By A.F. Harrold, illustrated by Emily Gravett
What happens to our imaginary friends when we are older and can barely remember them? For an Imaginary, it’s their worst fear made real. Rudger is an Imaginary with a lot on his mind. His human, Amanda, is in the hospital and because she hasn’t been thinking of him very much he’s worried that he’ll start Fading. There’s also the dreaded Mr. Bunting, a ghastly being who seems human but actually eats Imaginaries. Is there anything an Imaginary can do to keep existing? With comparisons to Neil Gaiman and Roald Dahl, Harrold creates a dark and wondrous fantasy tale, while Emily Gravett’s illustrations strike just the right Edward Gorey-esque note.
By Martine Leavitt
If there’s such a thing as fate, 17-year old Calvin seems to be experiencing it – maybe. Born on the day the last Calvin and Hobbes comic strip ran in newspapers, he is named after the fictional Calvin and his first toy is even a stuffed Hobbes. Not to mention that his childhood best friend is a girl named Susie. But where the comic strip Calvin romps with his tiger pal on an endless outdoor afternoon, the real world Calvin has schizophrenia and has just ended up in the psych ward. Believing his mental illness will be cured if he can just get Calvin and Hobbes creator Bill Watterson to do one more strip, Calvin sets out with Susie on a dangerous journey across frozen Lake Erie from Canada to Cleveland.
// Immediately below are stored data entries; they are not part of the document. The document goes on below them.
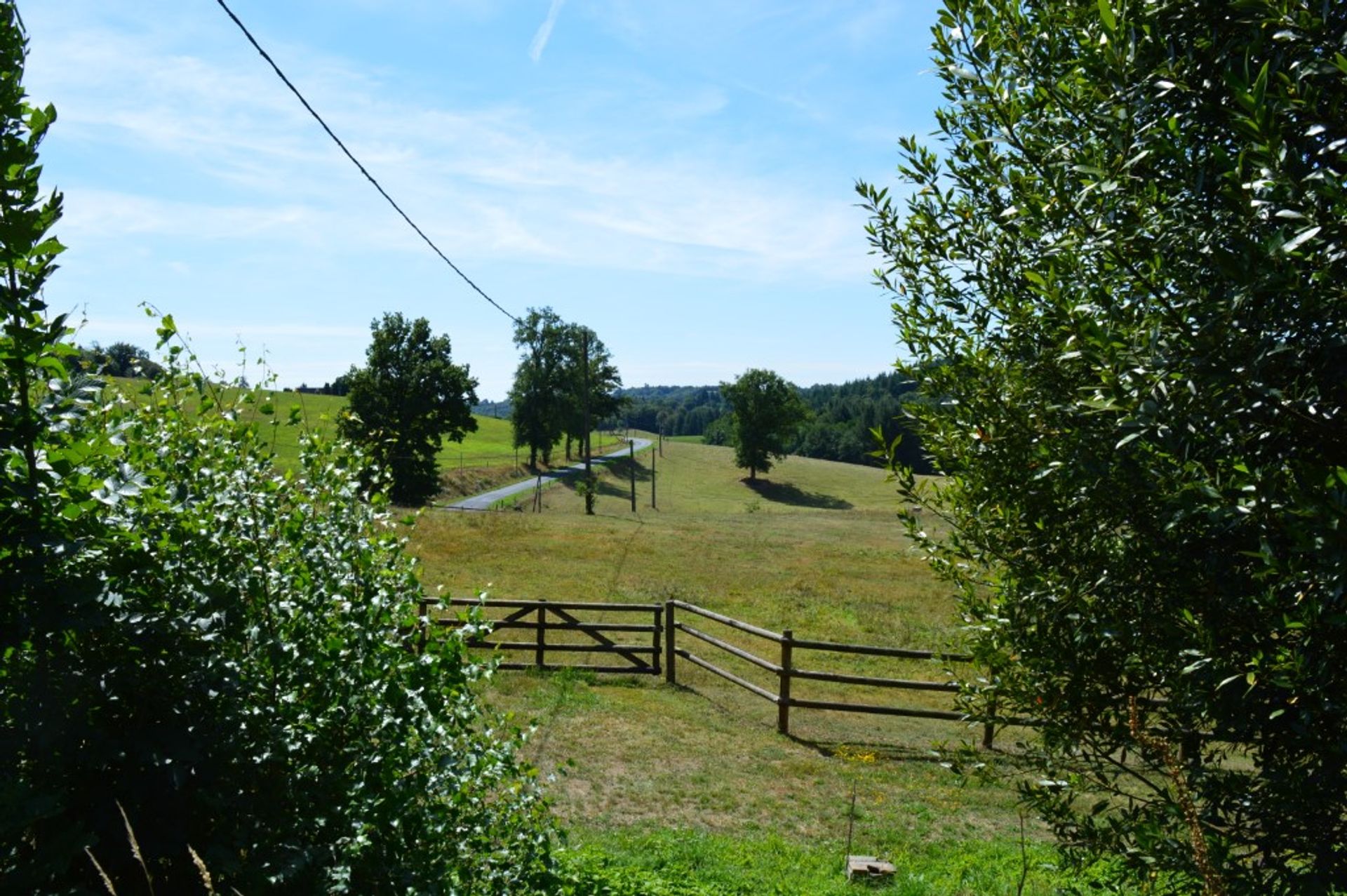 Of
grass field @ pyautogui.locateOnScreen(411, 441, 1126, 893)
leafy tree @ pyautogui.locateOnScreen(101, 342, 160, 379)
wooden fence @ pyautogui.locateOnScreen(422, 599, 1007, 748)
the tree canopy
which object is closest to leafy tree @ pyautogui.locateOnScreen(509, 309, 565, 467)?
the tree canopy

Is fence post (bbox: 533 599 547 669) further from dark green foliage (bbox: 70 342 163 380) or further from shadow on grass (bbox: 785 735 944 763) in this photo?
dark green foliage (bbox: 70 342 163 380)

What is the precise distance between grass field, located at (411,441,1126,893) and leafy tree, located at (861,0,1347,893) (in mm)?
930

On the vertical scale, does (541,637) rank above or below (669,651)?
above

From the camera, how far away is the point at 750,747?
12.6 m

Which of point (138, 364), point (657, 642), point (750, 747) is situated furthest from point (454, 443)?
point (138, 364)

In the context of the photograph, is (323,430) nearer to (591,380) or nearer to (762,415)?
(591,380)

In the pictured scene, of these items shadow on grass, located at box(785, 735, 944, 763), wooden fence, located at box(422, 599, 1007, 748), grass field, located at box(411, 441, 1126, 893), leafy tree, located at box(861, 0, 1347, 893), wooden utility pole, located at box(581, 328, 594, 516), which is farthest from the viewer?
wooden utility pole, located at box(581, 328, 594, 516)

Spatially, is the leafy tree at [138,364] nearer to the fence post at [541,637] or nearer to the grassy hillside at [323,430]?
the grassy hillside at [323,430]

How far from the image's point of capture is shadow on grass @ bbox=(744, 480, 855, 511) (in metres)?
76.3

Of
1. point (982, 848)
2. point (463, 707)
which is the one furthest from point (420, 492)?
point (463, 707)

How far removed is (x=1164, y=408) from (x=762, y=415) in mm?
78610

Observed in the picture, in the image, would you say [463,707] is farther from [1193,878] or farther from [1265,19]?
[1265,19]

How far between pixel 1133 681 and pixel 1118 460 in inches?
42.7

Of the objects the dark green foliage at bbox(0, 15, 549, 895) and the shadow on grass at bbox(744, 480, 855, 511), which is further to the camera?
the shadow on grass at bbox(744, 480, 855, 511) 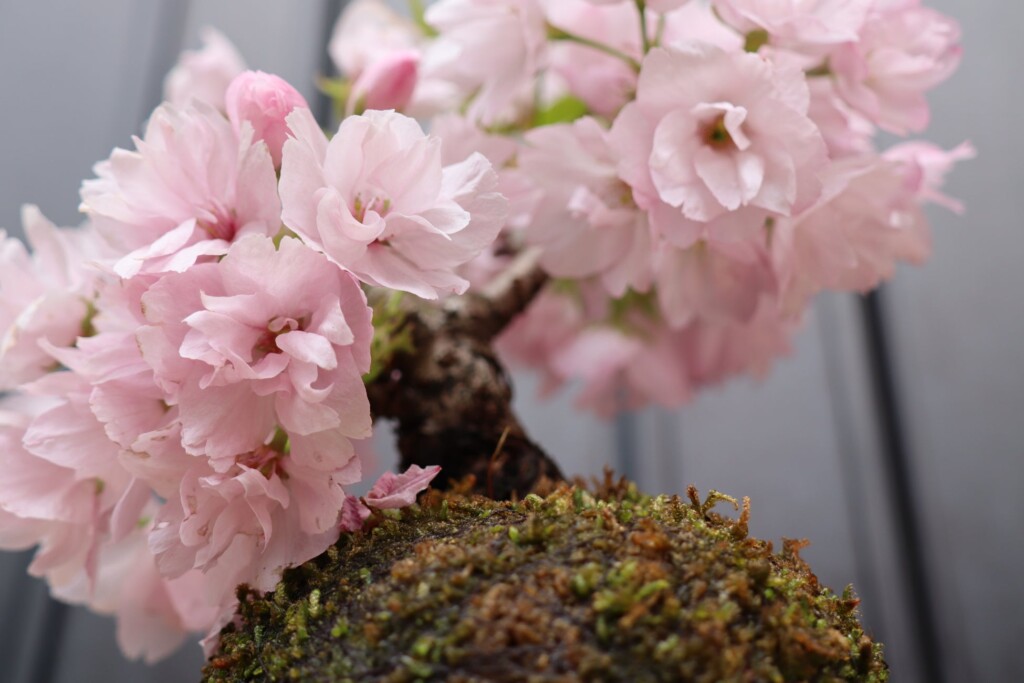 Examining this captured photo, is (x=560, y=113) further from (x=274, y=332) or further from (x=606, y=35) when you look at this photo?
(x=274, y=332)

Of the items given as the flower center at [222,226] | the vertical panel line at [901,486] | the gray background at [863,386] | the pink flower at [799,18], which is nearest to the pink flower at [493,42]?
the pink flower at [799,18]

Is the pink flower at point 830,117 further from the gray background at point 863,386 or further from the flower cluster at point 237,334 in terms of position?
the gray background at point 863,386

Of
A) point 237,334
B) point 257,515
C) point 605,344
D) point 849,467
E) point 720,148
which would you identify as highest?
point 720,148

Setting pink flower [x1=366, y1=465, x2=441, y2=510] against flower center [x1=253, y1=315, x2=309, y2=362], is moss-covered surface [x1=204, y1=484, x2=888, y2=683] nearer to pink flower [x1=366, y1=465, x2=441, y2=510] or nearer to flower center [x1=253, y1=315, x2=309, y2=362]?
pink flower [x1=366, y1=465, x2=441, y2=510]

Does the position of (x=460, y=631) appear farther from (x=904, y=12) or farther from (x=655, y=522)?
(x=904, y=12)

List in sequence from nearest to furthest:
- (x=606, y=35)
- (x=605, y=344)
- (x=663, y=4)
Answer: (x=663, y=4) → (x=606, y=35) → (x=605, y=344)

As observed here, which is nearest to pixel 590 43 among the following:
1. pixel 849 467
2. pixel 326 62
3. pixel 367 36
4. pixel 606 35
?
pixel 606 35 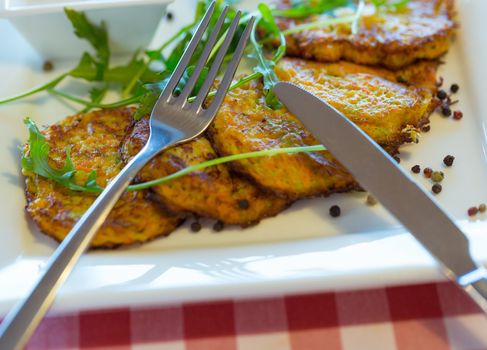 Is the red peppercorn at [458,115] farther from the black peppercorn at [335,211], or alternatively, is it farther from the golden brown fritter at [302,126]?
the black peppercorn at [335,211]

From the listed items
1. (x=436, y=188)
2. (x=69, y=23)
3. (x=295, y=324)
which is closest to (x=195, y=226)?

Despite the whimsical premise, Leavitt crafts a touching novel about both mental illness and how much stories (even those in comic strips) can mean to us.
By Christopher Barzak
Ages 14 and up
To Aiden, living an unremarkable life in an unremarkable town, “we’re all as thin as paper.” But when his former best friend Jarrod returns to town, Aiden’s life is suddenly thrust into three-dimensional high relief. Like waking up from a dream, Aiden is confused that Jarrod remembers things about Aiden that he doesn’t remember himself. In fact, something about Jarrod seems not quite real. Fortunately, for the reader as well as Aiden, he is very much real and holds the secret to Aiden’s haunted past and his family’s tangled legacy. This mesmerizing story of old curses, ghosts, and new love isn’t about invisible friends per se, but about the world beyond what we can see and touch. Recently named a Stonewall Honor Book, Wonders of the Invisible World is a tender, sometimes terrifying story.